§ **Task goal**:
Retype only the lines from the top of the records to the line with "Pair of Louis", including that line but none of the pictures.

§ **Short text fragments from websites**:
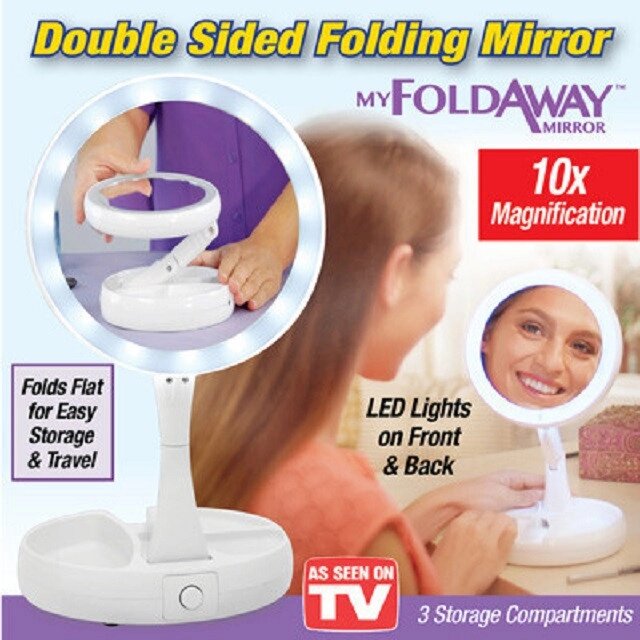 Кругле дзеркало My Fold AWAY MIRROR з підсвіткою, Дзеркало для макіяжу, Складане дзеркало з підставкою від компанії Show Market - фото 1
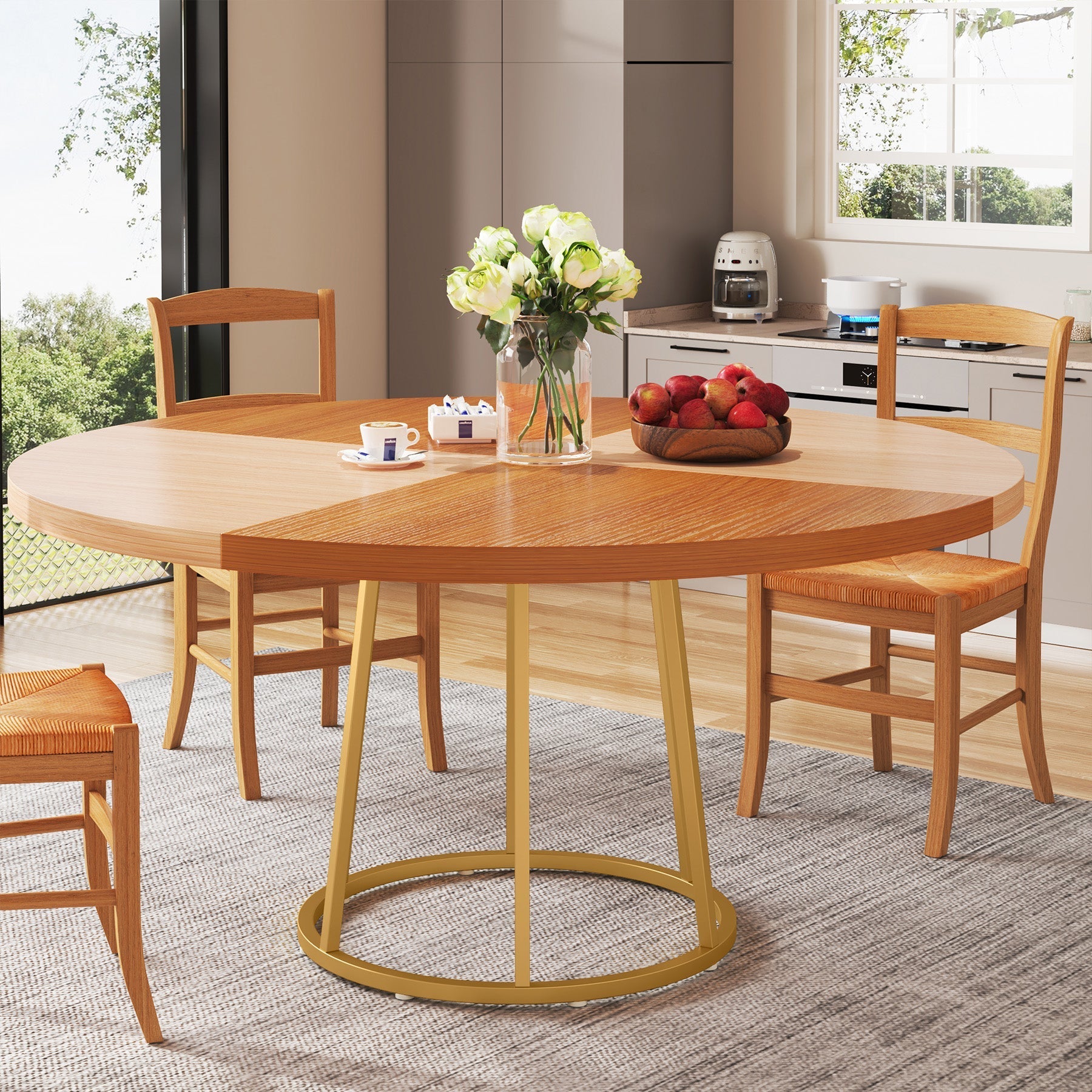 Round Dining Table for 4 People, 120 cm Kitchen Table with Circle Metal Base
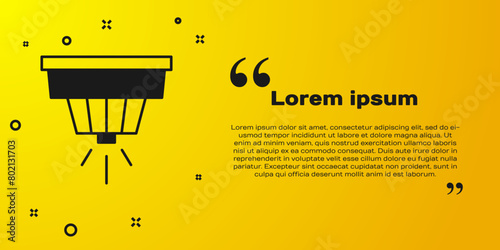 Black Smoke alarm system icon isolated on yellow background. Smoke detector. Vector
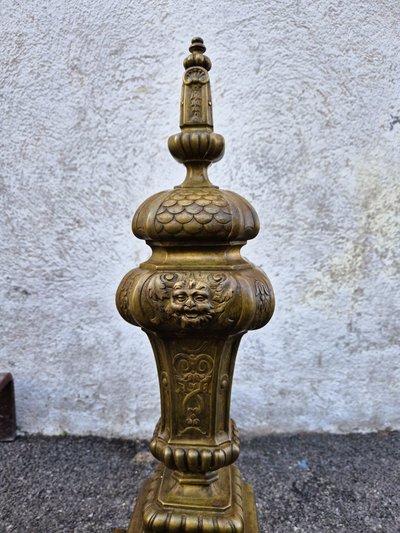 Pair of Louis XIV Style Bronze and Iron Andirons, 19th Century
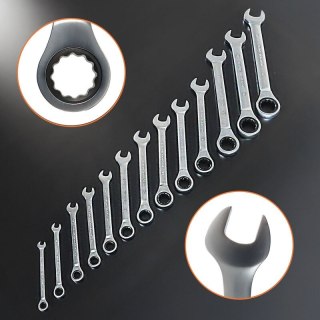 Klucze płasko-oczkowe z grzechotką 13 elementów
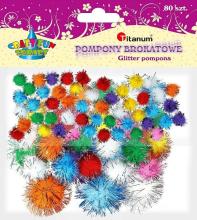 Pompony brokatowe mix 80szt.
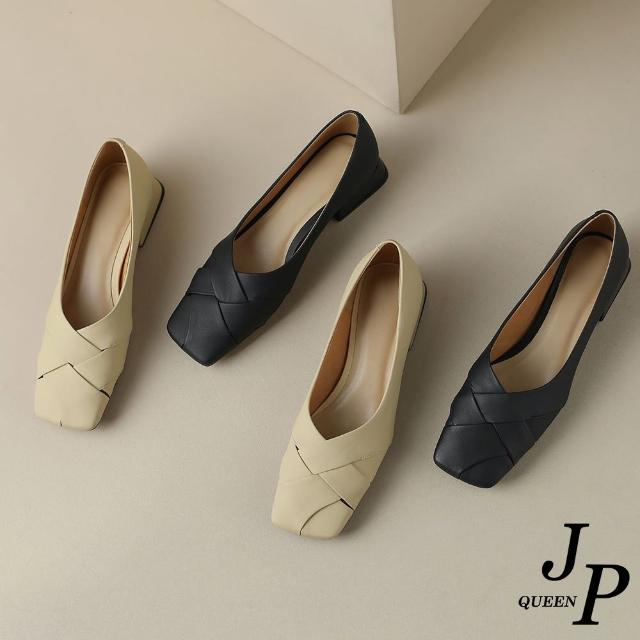 【JP Queen New York】交錯粗編織方頭羊皮淺口粗跟鞋(2色可選)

§ **Written solution**:
 Кругле дзеркало My Fold AWAY MIRROR з підсвіткою, Дзеркало для макіяжу, Складане дзеркало з підставкою від компанії Show Market - фото 1
 Round Dining Table for 4 People, 120 cm Kitchen Table with Circle Metal Base
 Black Smoke alarm system icon isolated on yellow background. Smoke detector. Vector
 Pair of Louis XIV Style Bronze and Iron Andirons, 19th Century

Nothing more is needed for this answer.